It’s been said more than once that people who write role-playing games are frustrated writers. One need only read the turgid and horrible prose in many RPGs to see there’s some truth to that and the bastards make it worse by hiding nuggets of useful information in amongst the story writing, thereby forcing you to read it.
It’s not all bad though and there are plenty of writers who grew up playing RPGs and sometimes you can see that in the way they write or the things they include. Sometimes it spawns collaborations between the writers and RPG companies or at the very least, oversight, to ensure a product that passes muster.
I’ve written a lot of gaming material and a fistful of short stories. I’m also over half-way through my first novel and I’m noticing that there are useful things from writing and playing role-playing games that help in the writing of fiction.

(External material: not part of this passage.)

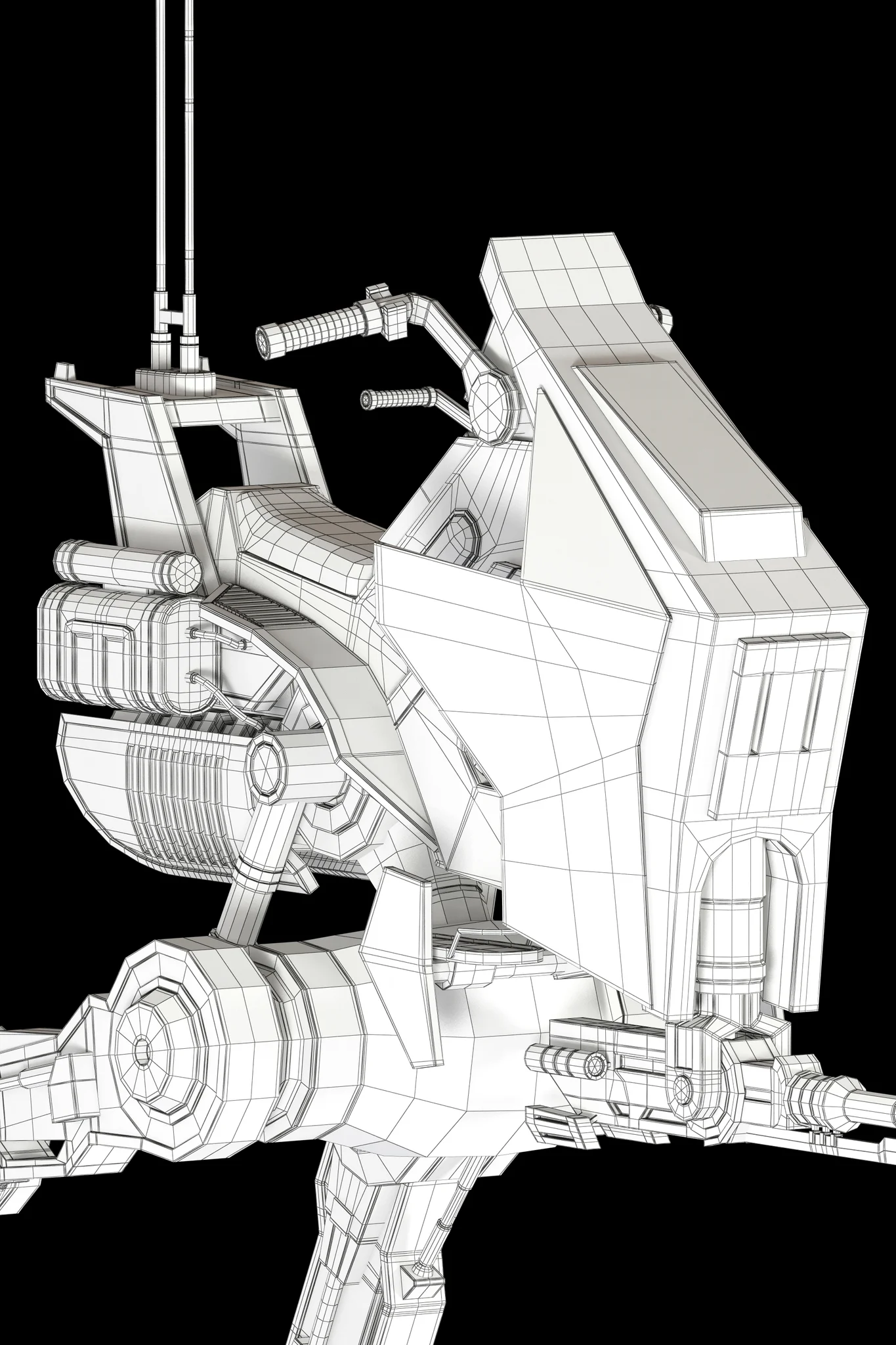 AT RT Walker — 3D model preview 44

Gamers occupy detailed fantasy worlds and construct them individually and collectively. Keeping it all consistent and plausible is what makes a world work in both fiction and in gaming. Games, necessarily, tend to have a broader reach and cover more ground whereas in stories tend to follow the experience of a very few characters – or even a single one. A story benefits, however, from taking place in a context. Even if you don’t see any of it, it creates a context.
When you’re the Games Master of a game you learn to think on your feet. You know how to react and how to get the game back on track when it starts to drift, without being too obvious about it. Written fiction can wander as well. Stories can get out of hand or you can get into a groove where you want to keep on writing and don’t want to stop to research or you’ll lose your flow. If you can improvise you can get it done and then you can always come back and fix it later, when you lose your flow.
Visualising the Space
Some gamers play with miniatures and boards, grids and landscapes but an awful lot don’t. When they play they’re imagining the positions of all the characters, the landscape and its features. In action scenes, especially, whether writing or playing a game, this is a really useful skill and one that transfers brilliantly if you’re able to both imagine and describe the scene.

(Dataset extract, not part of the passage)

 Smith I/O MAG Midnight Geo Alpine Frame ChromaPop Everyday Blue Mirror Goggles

Dealing With Renegade Characters
Characters can and will run off and do their own thing. This is supposed to happen in an RPG but not so much when you’re writing a story. Characters can and do gain their own voice and start to do their own thing. This can be a problem but, related to the usefulness of improvisation if you’re used to this happening you can go with it and let the characters be themselves, shifting the story to fit and keeping it going.
I reckon more writers should play games, but the only problem I see is that they’d all want to be the Games Master!